What you are asked to do:
Repeat the data exactly, every last line of it.

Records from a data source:
□ □ □ □ □
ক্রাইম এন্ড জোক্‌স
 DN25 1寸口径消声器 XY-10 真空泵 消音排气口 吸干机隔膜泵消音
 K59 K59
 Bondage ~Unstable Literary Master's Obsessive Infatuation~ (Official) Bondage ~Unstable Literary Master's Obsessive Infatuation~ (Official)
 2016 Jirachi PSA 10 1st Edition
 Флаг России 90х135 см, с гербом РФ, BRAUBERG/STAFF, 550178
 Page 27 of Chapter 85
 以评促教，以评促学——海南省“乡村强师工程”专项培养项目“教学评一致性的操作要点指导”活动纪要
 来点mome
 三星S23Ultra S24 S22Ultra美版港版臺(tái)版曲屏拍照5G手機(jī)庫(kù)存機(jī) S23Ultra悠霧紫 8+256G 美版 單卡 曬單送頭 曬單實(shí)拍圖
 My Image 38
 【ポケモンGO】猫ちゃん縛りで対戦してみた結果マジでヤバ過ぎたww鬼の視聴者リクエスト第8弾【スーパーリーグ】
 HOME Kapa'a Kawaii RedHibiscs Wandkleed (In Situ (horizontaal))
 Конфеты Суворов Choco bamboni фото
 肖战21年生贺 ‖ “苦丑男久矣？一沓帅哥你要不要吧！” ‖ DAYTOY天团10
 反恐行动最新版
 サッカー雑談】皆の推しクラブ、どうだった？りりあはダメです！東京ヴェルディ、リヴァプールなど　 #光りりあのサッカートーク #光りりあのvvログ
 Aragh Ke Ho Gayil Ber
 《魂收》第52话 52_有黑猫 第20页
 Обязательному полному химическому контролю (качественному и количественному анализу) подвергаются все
□ □ □ □ □
Written answer:
ক্রাইম এন্ড জোক্‌স
 DN25 1寸口径消声器 XY-10 真空泵 消音排气口 吸干机隔膜泵消音
 K59 K59
 Bondage ~Unstable Literary Master's Obsessive Infatuation~ (Official) Bondage ~Unstable Literary Master's Obsessive Infatuation~ (Official)
 2016 Jirachi PSA 10 1st Edition
 Флаг России 90х135 см, с гербом РФ, BRAUBERG/STAFF, 550178
 Page 27 of Chapter 85
 以评促教，以评促学——海南省“乡村强师工程”专项培养项目“教学评一致性的操作要点指导”活动纪要
 来点mome
 三星S23Ultra S24 S22Ultra美版港版臺(tái)版曲屏拍照5G手機(jī)庫(kù)存機(jī) S23Ultra悠霧紫 8+256G 美版 單卡 曬單送頭 曬單實(shí)拍圖
 My Image 38
 【ポケモンGO】猫ちゃん縛りで対戦してみた結果マジでヤバ過ぎたww鬼の視聴者リクエスト第8弾【スーパーリーグ】
 HOME Kapa'a Kawaii RedHibiscs Wandkleed (In Situ (horizontaal))
 Конфеты Суворов Choco bamboni фото
 肖战21年生贺 ‖ “苦丑男久矣？一沓帅哥你要不要吧！” ‖ DAYTOY天团10
 反恐行动最新版
 サッカー雑談】皆の推しクラブ、どうだった？りりあはダメです！東京ヴェルディ、リヴァプールなど　 #光りりあのサッカートーク #光りりあのvvログ
 Aragh Ke Ho Gayil Ber
 《魂收》第52话 52_有黑猫 第20页
 Обязательному полному химическому контролю (качественному и количественному анализу) подвергаются все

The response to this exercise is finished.